Foto | Shutterstock

Kamer stelt vragen over omvang onderwijsbudget

Is het geld dat de regering apart heeft gezet voor het hoger onderwijs wel voldoende en wordt het goed besteed? Regeringspartij D66 wil dat zeker weten en vraagt minister Ingrid van Engelshoven om onderzoek. CDA-Kamerlid Harry van der Molen wil dat de commissie-Van Rijn ook onderzoekt of de toestroom van buitenlandse bachelors zou worden afgeremd door Engelstalige bachelors minder bekostiging te geven.

door
foto Shutterstock

Een commissie onder leiding van voormalig PvdA-staatsecretaris Martin van Rijn, bekijkt momenteel hoe de bekostiging van het hoger onderwijs kan worden verbeterd. Bij de benoeming van deze commissie benadrukte minister Van Engelshoven dat het simpelweg verhogen van het budget geen oplossing was.
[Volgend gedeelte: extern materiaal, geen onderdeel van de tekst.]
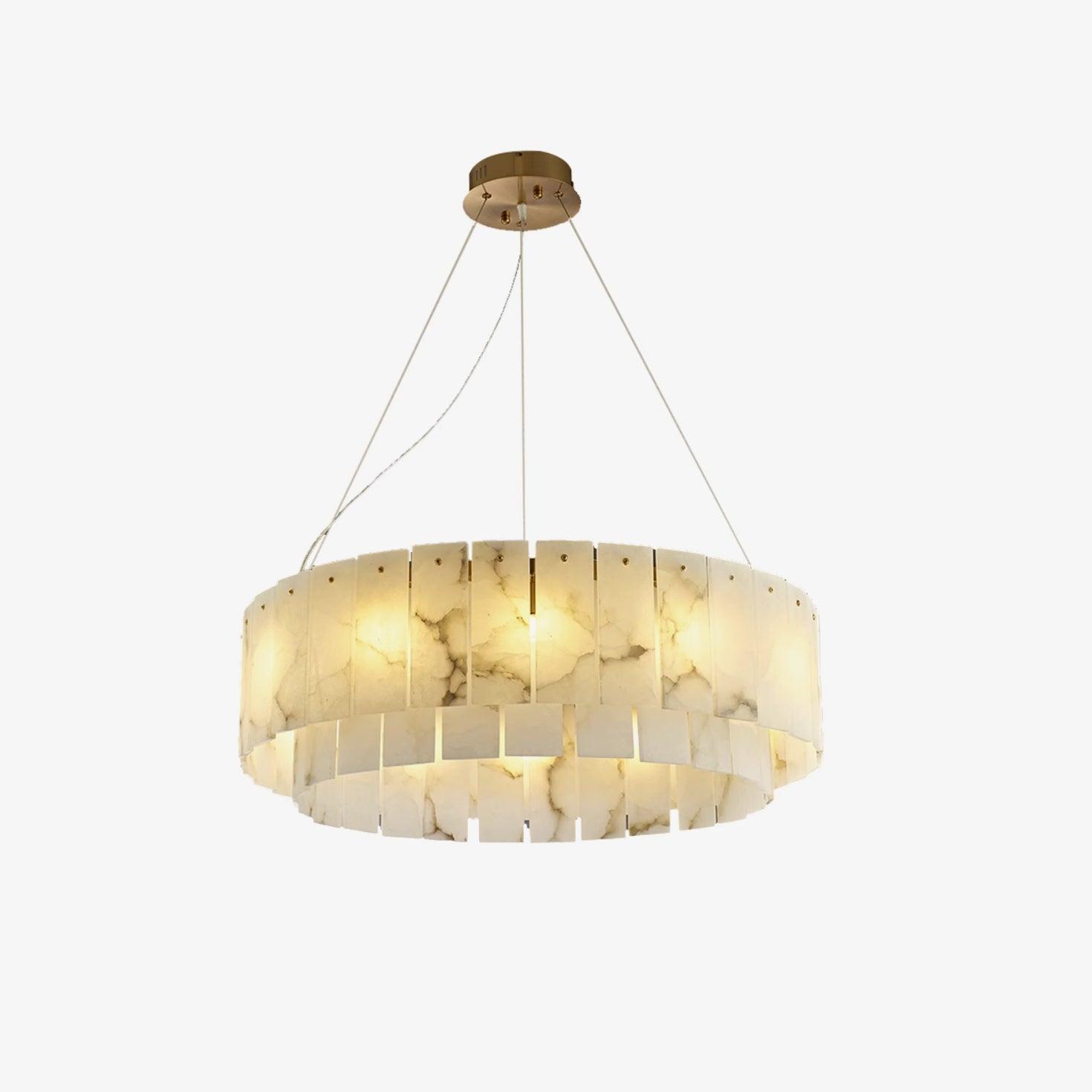 Zelaean Alabaster Round Pendant Light - Blowlighting
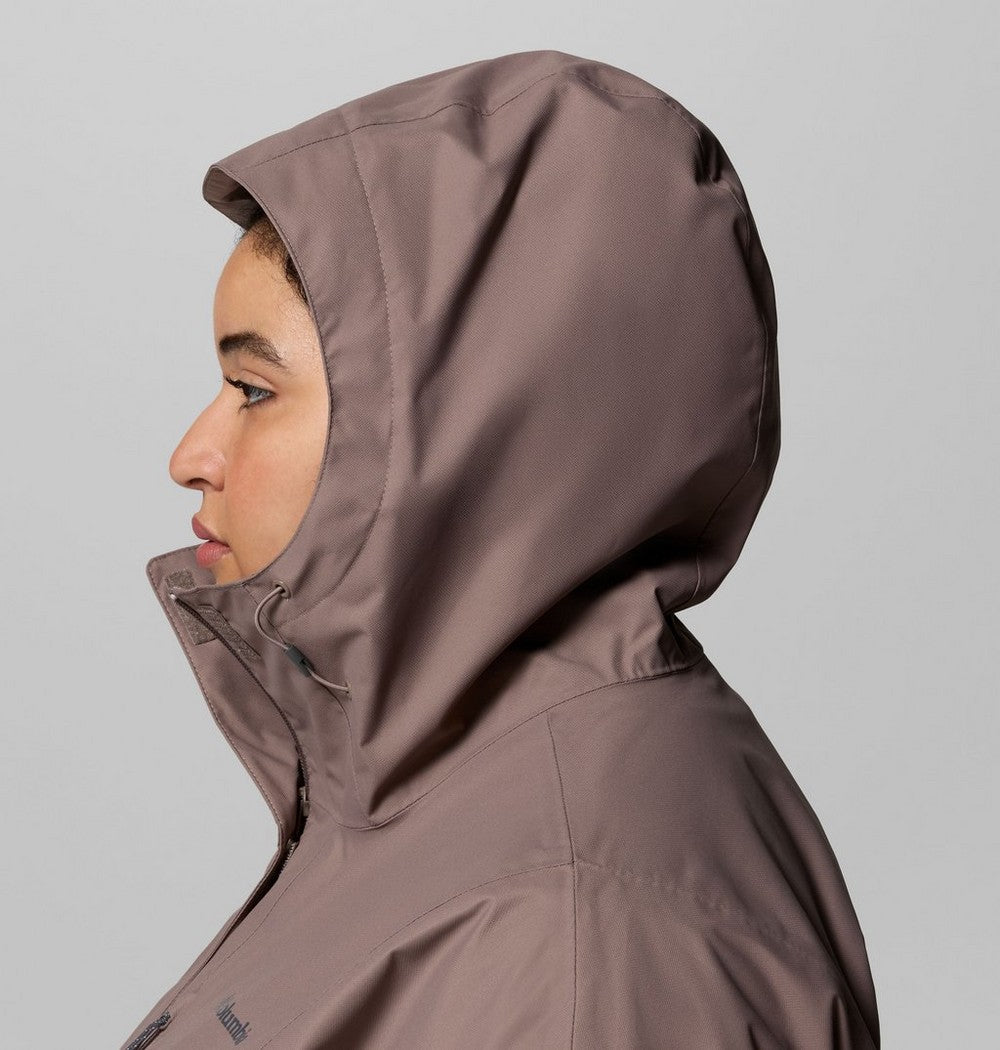 Women's Plus Size Waterproof Rain Jacket - Navy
De commissie heeft alleen de opdracht gekregen om te onderzoeken hoe de huidige ‘taart’ het best kan worden verdeeld.

Maar D66-Kamerlid Paul van Meenen, partijgenoot van de minister, wil toch wel graag weten of het macrobudget voor het hoger onderwijs voldoet en of het past bij de verschillende beleidsdoelen. Er wordt momenteel al onderzocht of het primair en het voortgezet onderwijs voldoende geld hebben en Van Meenen vindt dat dit onderzoek er ook moet komen voor het mbo en het hoger onderwijs.

Hoger bekostigen

Volgens de online nieuwssite ScienceGuide kwam van CDA-Kamerlid Harry van der Molen het verzoek of de commissie-Van Rijn ook wil onderzoeken of de maatregel om Nederlandstalige bachelors hoger te bekostigen dan Engelstalige bachelors, ertoe bijdraagt om op die manier de financiële prikkel voor internationalisering uit de bekostiging te halen. Van der Molen stelde dat het hoger onderwijs er in de eerste plaats is om Nederlandse jongeren voor te bereiden op een toekomst.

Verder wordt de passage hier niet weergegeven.